Oil prices experienced a modest increase for the second consecutive session on Friday, driven by signs of a potential easing of tensions in the ongoing U.S.-China trade war. Brent crude futures rose by 31 cents to $66.85 per barrel by 0650 GMT, though they were still on track for a 1.7% decline for the week. Meanwhile, U.S. West Texas Intermediate (WTI) crude gained 35 cents to $63.12 per barrel, marking a 2.4% drop for the week.
The market showed some optimism, responding to signals of de-escalation in the trade conflict between the U.S. and China, with U.S. President Donald Trump confirming that trade talks were in progress. This announcement pushed back against earlier Chinese claims that no discussions had taken place. Additionally, China is reportedly considering exempting some U.S. imports from its 125% tariffs, signaling concern over the trade war’s economic impact. Despite these positive signs, oil prices faced downward pressure due to concerns over oversupply and uncertain demand, with a stronger U.S. dollar also weighing on crude prices.
The ongoing concerns about oversupply are largely driven by the potential for further output increases from OPEC+ members. Several countries within the group have suggested that oil production could be ramped up even further in June. Moreover, geopolitical developments also played a role in the market outlook. Russian Foreign Minister Sergey Lavrov noted that the United States and Russia were making progress toward resolving the Ukraine conflict, which could eventually lead to the easing of sanctions and allow more Russian oil to enter global markets.

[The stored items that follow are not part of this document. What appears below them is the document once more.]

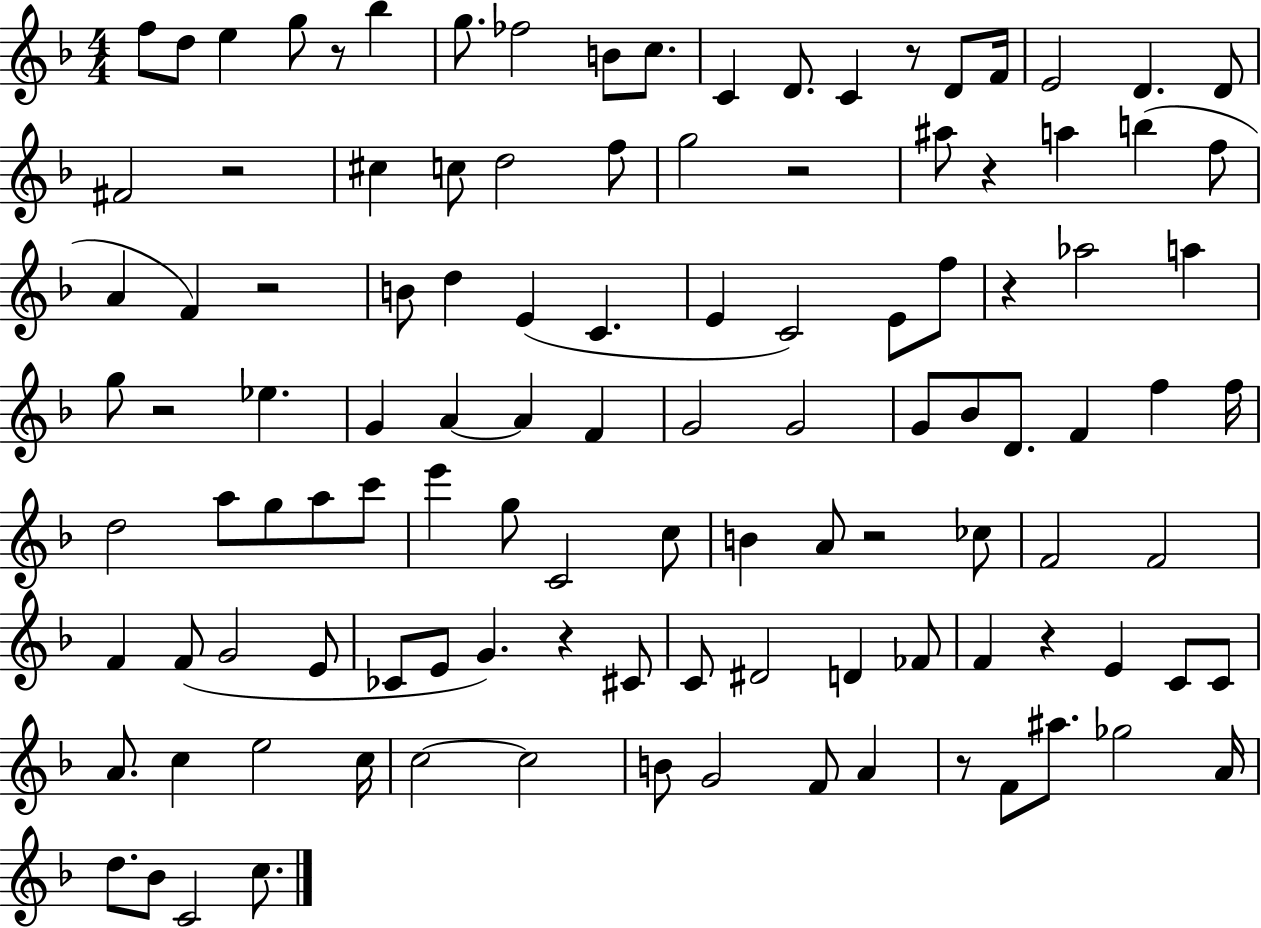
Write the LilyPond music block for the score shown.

{
  \clef treble
  \numericTimeSignature
  \time 4/4
  \key f \major
  f''8 d''8 e''4 g''8 r8 bes''4 | g''8. fes''2 b'8 c''8. | c'4 d'8. c'4 r8 d'8 f'16 | e'2 d'4. d'8 | \break fis'2 r2 | cis''4 c''8 d''2 f''8 | g''2 r2 | ais''8 r4 a''4 b''4( f''8 | \break a'4 f'4) r2 | b'8 d''4 e'4( c'4. | e'4 c'2) e'8 f''8 | r4 aes''2 a''4 | \break g''8 r2 ees''4. | g'4 a'4~~ a'4 f'4 | g'2 g'2 | g'8 bes'8 d'8. f'4 f''4 f''16 | \break d''2 a''8 g''8 a''8 c'''8 | e'''4 g''8 c'2 c''8 | b'4 a'8 r2 ces''8 | f'2 f'2 | \break f'4 f'8( g'2 e'8 | ces'8 e'8 g'4.) r4 cis'8 | c'8 dis'2 d'4 fes'8 | f'4 r4 e'4 c'8 c'8 | \break a'8. c''4 e''2 c''16 | c''2~~ c''2 | b'8 g'2 f'8 a'4 | r8 f'8 ais''8. ges''2 a'16 | \break d''8. bes'8 c'2 c''8. | \bar "|."
}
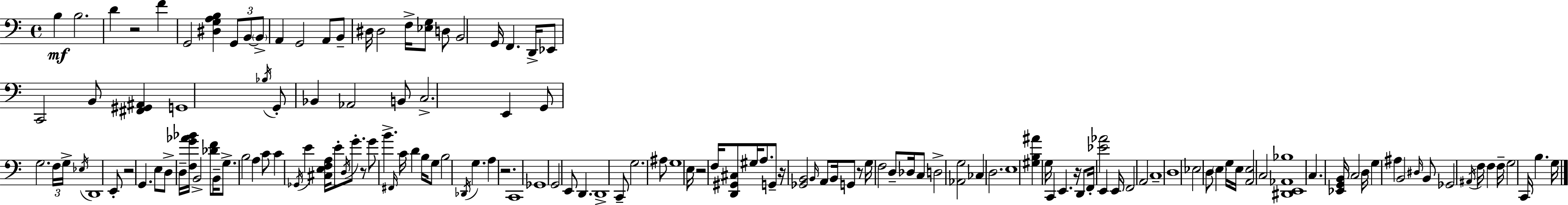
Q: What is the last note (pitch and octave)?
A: G3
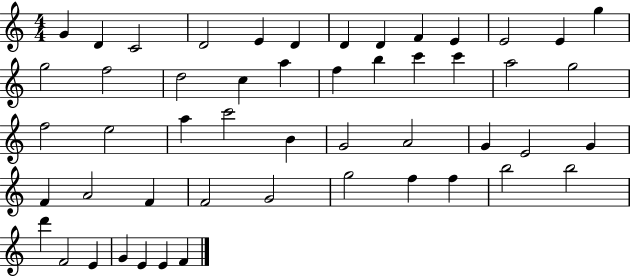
G4/q D4/q C4/h D4/h E4/q D4/q D4/q D4/q F4/q E4/q E4/h E4/q G5/q G5/h F5/h D5/h C5/q A5/q F5/q B5/q C6/q C6/q A5/h G5/h F5/h E5/h A5/q C6/h B4/q G4/h A4/h G4/q E4/h G4/q F4/q A4/h F4/q F4/h G4/h G5/h F5/q F5/q B5/h B5/h D6/q F4/h E4/q G4/q E4/q E4/q F4/q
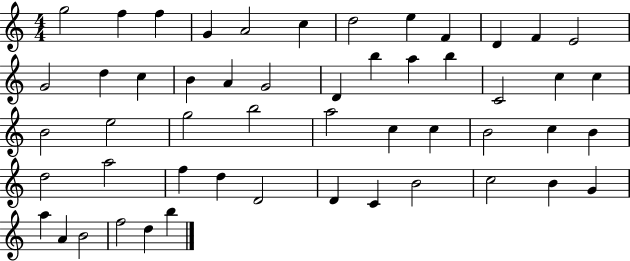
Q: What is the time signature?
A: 4/4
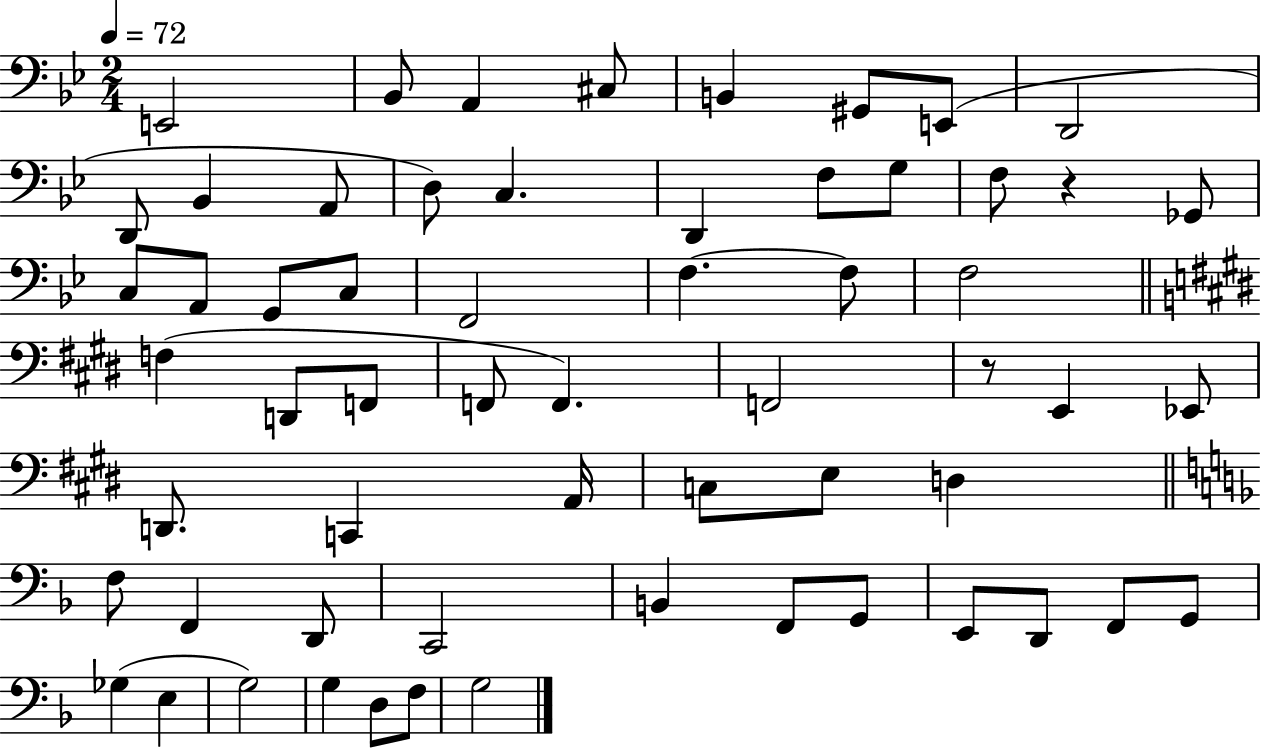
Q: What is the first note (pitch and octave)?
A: E2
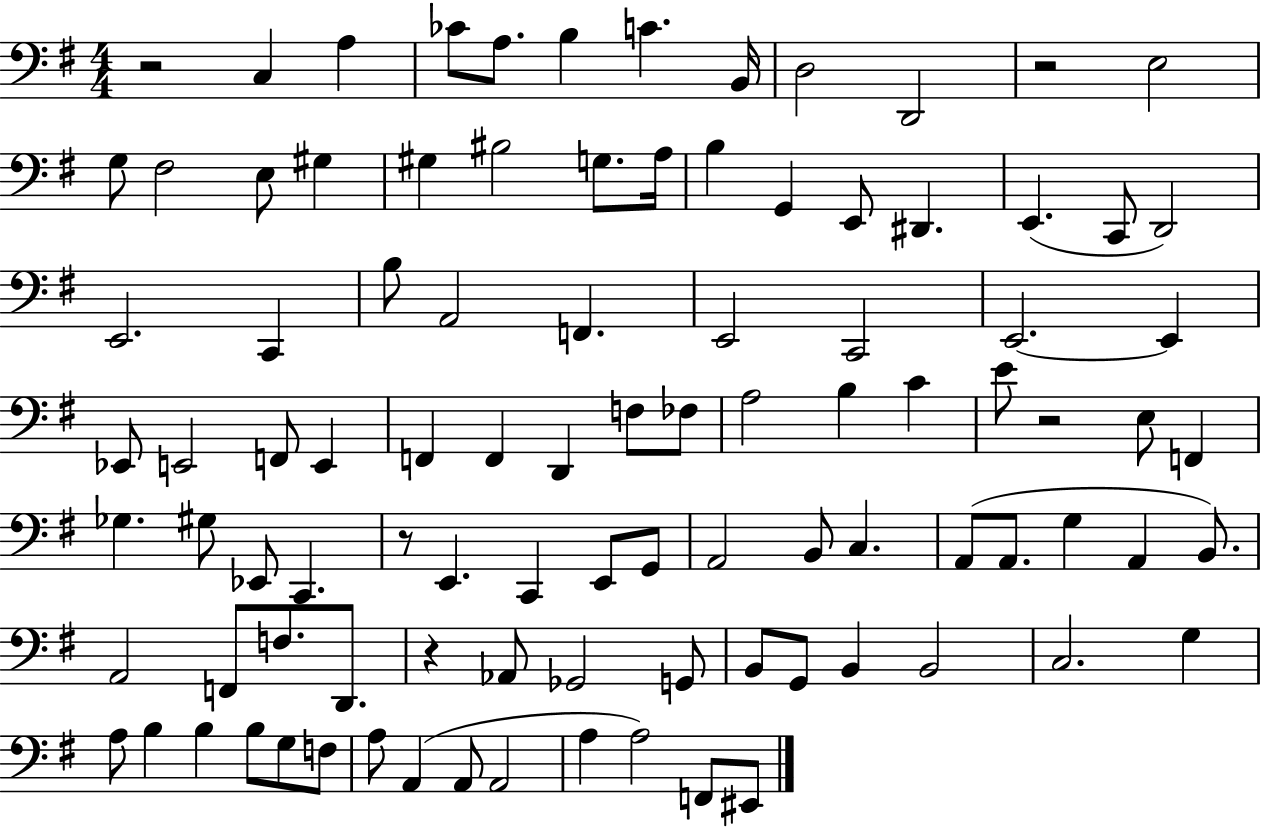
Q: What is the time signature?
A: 4/4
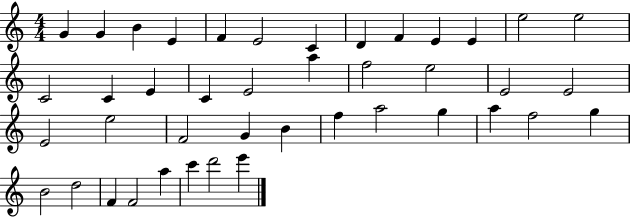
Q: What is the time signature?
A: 4/4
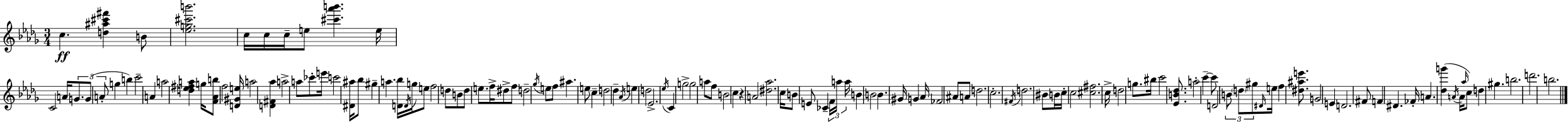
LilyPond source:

{
  \clef treble
  \numericTimeSignature
  \time 3/4
  \key bes \minor
  c''4.\ff <d'' ais'' cis''' fis'''>4 b'8 | <ees'' g'' cis''' b'''>2. | c''16 c''16 c''16-- e''8 <cis''' aes''' b'''>4. e''16 | c'2 a'16 \tuplet 3/2 { g'8. | \break g'8( a'8-. } g''4 b''4) | c'''2-- a'4 | a''2 <d'' ees'' fis'' a''>4 | g''16 <f' aes' b''>8 f''2 <d' gis' e''>16 | \break a''2 <d' fis' aes''>4 | a''2-> a''8 ces'''8-. | e'''16 c'''2 <dis' ais''>16 bes''8 | gis''4-- a''4. <d' bes''>16 \acciaccatura { d'16 } | \break g''16 e''8 f''2 d''8 | b'8 d''8 e''8. f''16-> dis''8-> f''8 | d''2-- \acciaccatura { ges''16 } e''8 | f''8 ais''4. e''8 c''4-- | \break d''2 des''4-- | \acciaccatura { aes'16 } e''4 d''2 | ees'2.-> | \acciaccatura { ees''16 } c'4 g''2-> | \break g''2 | a''8 f''8 b'2 | c''4 r4 a'2 | <dis'' aes''>2. | \break c''16 b'8 e'8 ces'4-- | \tuplet 3/2 { f'16 a''16 a''16 } b'4 b'2 | b'4. gis'16 g'4 | aes'16 fes'2 | \break ais'8 a'8 d''2. | c''2.-. | \acciaccatura { fis'16 } d''2. | bis'8 b'16 c''16-. c''2 | \break <cis'' fis''>2. | c''16-> d''2 | g''8. bis''16 c'''2 | <ees' b' des''>8. a''2-. | \break c'''4--~~ c'''8 d'2 | \tuplet 3/2 { b'8 \parenthesize d''8 gis''8 } \grace { dis'16 } e''16 f''4 | <dis'' ais'' e'''>8. g'2 | e'4 d'2. | \break fis'8 f'4 | dis'4. fes'16-. a'4. | <des'' g'''>4( \acciaccatura { a'16 } a'16 \grace { aes''16 } c''8) d''4 | gis''4. b''2. | \break d'''2. | b''2. | \bar "|."
}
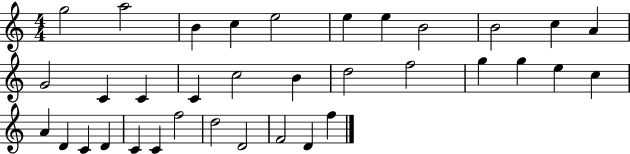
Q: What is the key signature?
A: C major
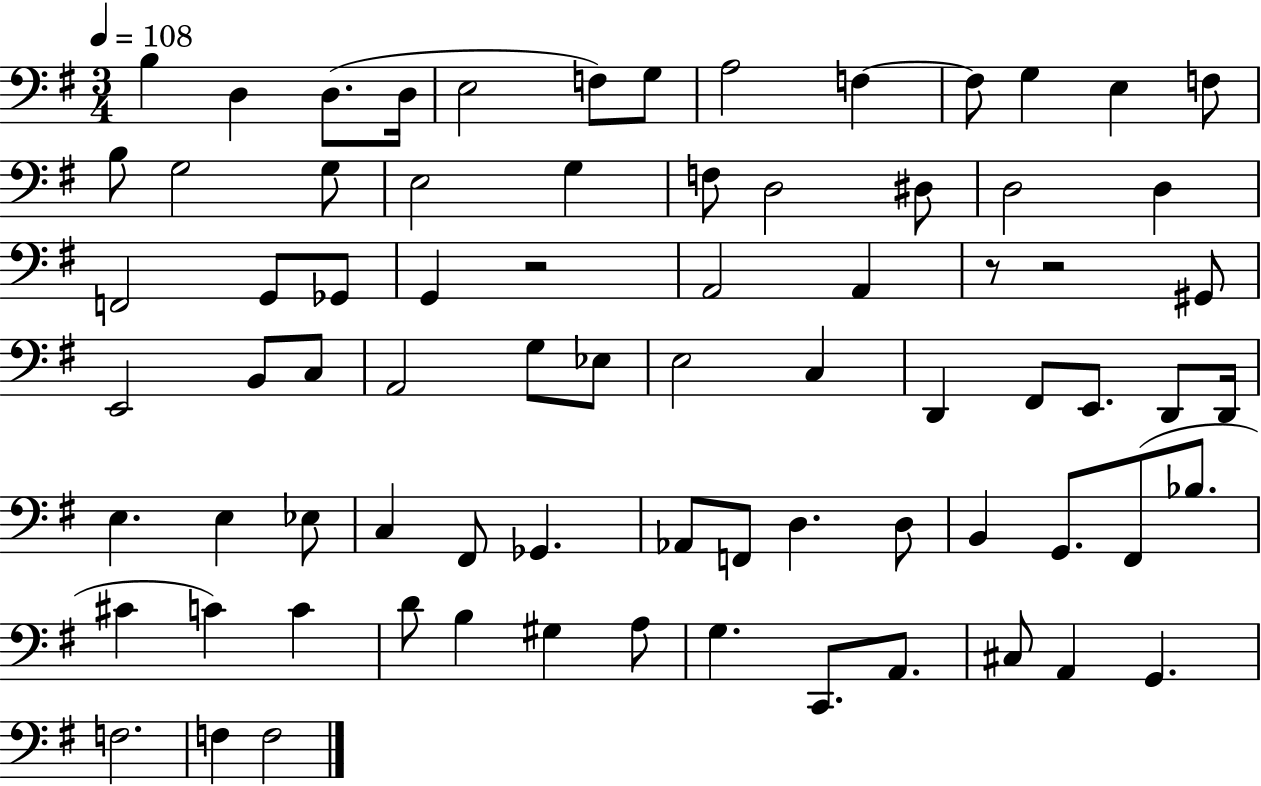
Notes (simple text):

B3/q D3/q D3/e. D3/s E3/h F3/e G3/e A3/h F3/q F3/e G3/q E3/q F3/e B3/e G3/h G3/e E3/h G3/q F3/e D3/h D#3/e D3/h D3/q F2/h G2/e Gb2/e G2/q R/h A2/h A2/q R/e R/h G#2/e E2/h B2/e C3/e A2/h G3/e Eb3/e E3/h C3/q D2/q F#2/e E2/e. D2/e D2/s E3/q. E3/q Eb3/e C3/q F#2/e Gb2/q. Ab2/e F2/e D3/q. D3/e B2/q G2/e. F#2/e Bb3/e. C#4/q C4/q C4/q D4/e B3/q G#3/q A3/e G3/q. C2/e. A2/e. C#3/e A2/q G2/q. F3/h. F3/q F3/h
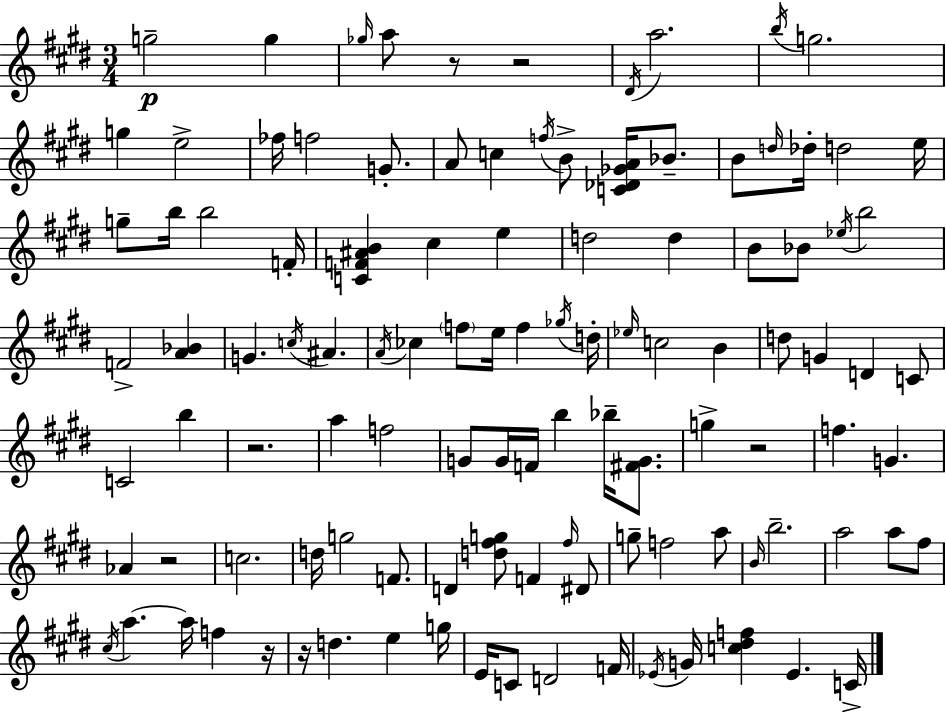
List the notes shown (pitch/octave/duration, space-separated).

G5/h G5/q Gb5/s A5/e R/e R/h D#4/s A5/h. B5/s G5/h. G5/q E5/h FES5/s F5/h G4/e. A4/e C5/q F5/s B4/e [C4,Db4,Gb4,A4]/s Bb4/e. B4/e D5/s Db5/s D5/h E5/s G5/e B5/s B5/h F4/s [C4,F4,A#4,B4]/q C#5/q E5/q D5/h D5/q B4/e Bb4/e Eb5/s B5/h F4/h [A4,Bb4]/q G4/q. C5/s A#4/q. A4/s CES5/q F5/e E5/s F5/q Gb5/s D5/s Eb5/s C5/h B4/q D5/e G4/q D4/q C4/e C4/h B5/q R/h. A5/q F5/h G4/e G4/s F4/s B5/q Bb5/s [F#4,G4]/e. G5/q R/h F5/q. G4/q. Ab4/q R/h C5/h. D5/s G5/h F4/e. D4/q [D5,F#5,G5]/e F4/q F#5/s D#4/e G5/e F5/h A5/e B4/s B5/h. A5/h A5/e F#5/e C#5/s A5/q. A5/s F5/q R/s R/s D5/q. E5/q G5/s E4/s C4/e D4/h F4/s Eb4/s G4/s [C5,D#5,F5]/q Eb4/q. C4/s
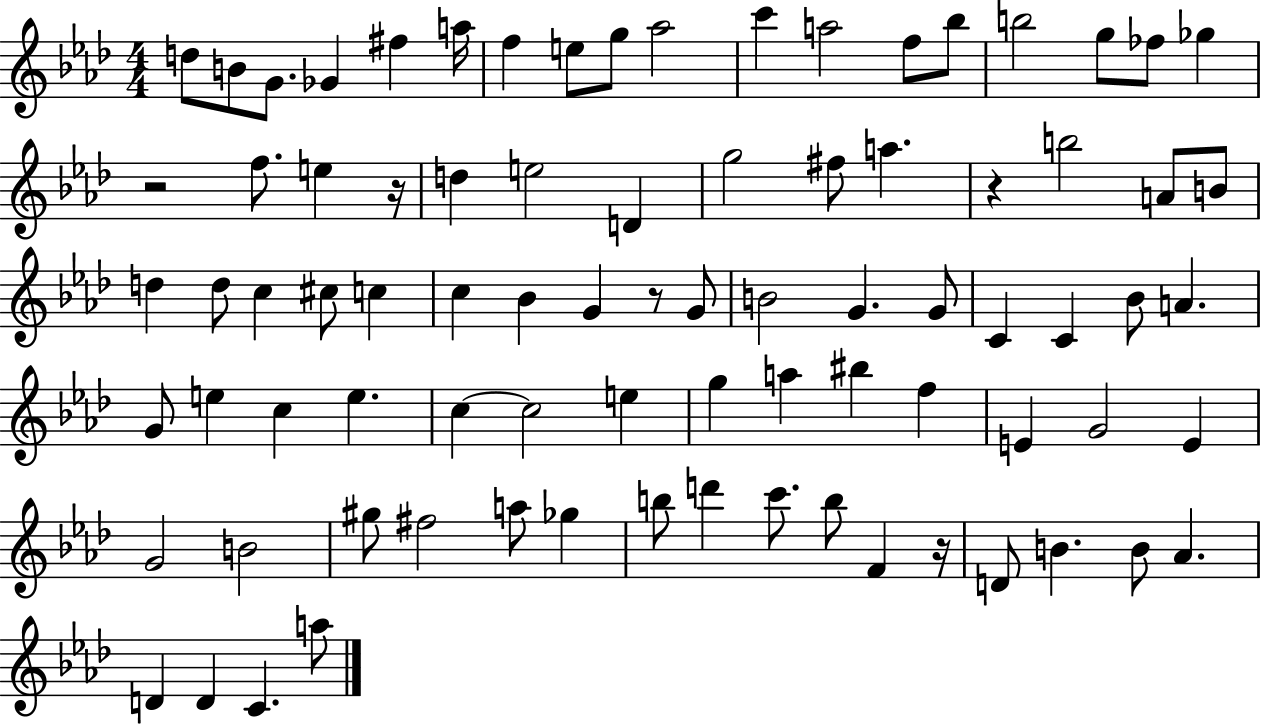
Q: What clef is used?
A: treble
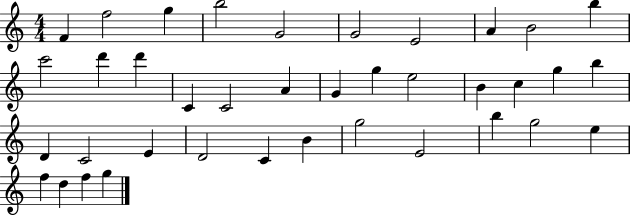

Despite these supply-side concerns, demand for oil has seen some improvement, particularly in the U.S., where gasoline consumption has risen, and distillate demand remains solid due to colder weather extending into April. However, demand in the first half of the month has been slower than expected, with analysts noting a shortfall of around 200,000 barrels per day compared to their earlier forecasts.
While the market is showing some positive signs due to the trade war’s potential de-escalation, the combination of oversupply concerns and uncertain demand continues to create volatility in oil prices.